6.5 Foreach Datum Loops

Foreach datum loops are similar to foreach loops in that they run a script block once for each item in a list. In this case, however, the list in question is the list of datapoints in a file. The syntax of the foreach datum command is similar to that of the commands met in the previous chapter for acting upon datafiles: the standard modifiers every, index, select and using can be used to select which columns of the datafile, and which subset of the datapoints, should be used:

foreach datum i,j,name in "data.dat" using 1:2:"%s"%($3)
 {
  ...
 }

The foreach datum command is followed by a comma-separated list of the variable(s) which are to be read from the datafile on each iteration of the loop. The using modifier specifies the columns or rows of data which are to be used to set the values of each variable. In this example, the third variable, name, is set using a quoted string, indicating that it will be set to equal whatever string of text is found in the third column of the datafile.

Calculating the Mean and Standard Deviation of Data.

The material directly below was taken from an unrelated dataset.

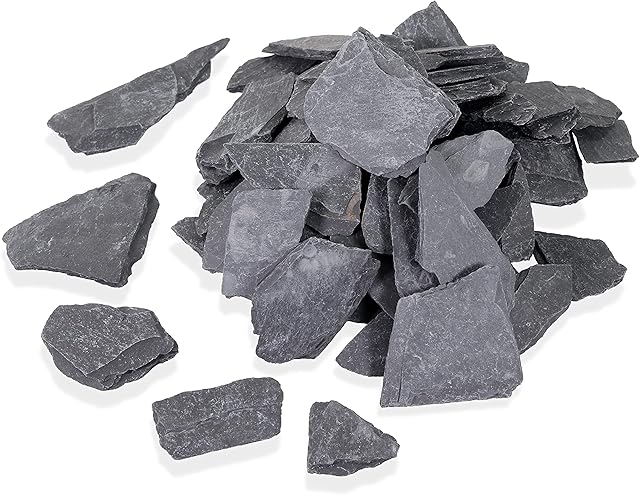 Life Solutions Products 1kg Natural Slate Stone Rocks - Unique in Size and Shape - Mix of Stones 2.5cm - 7.5cm - For Aquascaping, Fairy Gardens, Aquariums and Terrariums, Wargaming or Bonsai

The following PyXPlot script calculates the mean and standard deviation of a set of datapoints using the foreach datum command:

N_data = 0
sum_x = 0
sum_x2 = 0

foreach datum x in ’–’
{
N_data = N_data + 1
sum_x = sum_x + x
sum_x2 = sum_x2 + x**2
}
1.3
1.2
1.5
1.1
1.3
END

mean = sum_x / N_data
SD = sqrt(sum_x2 / N_data - mean**2)

print "Mean = %s"%(mean)
print "SD = %s"%(SD)

For the data supplied, a mean of $1.28$ and a standard deviation of $0.133$ are returned.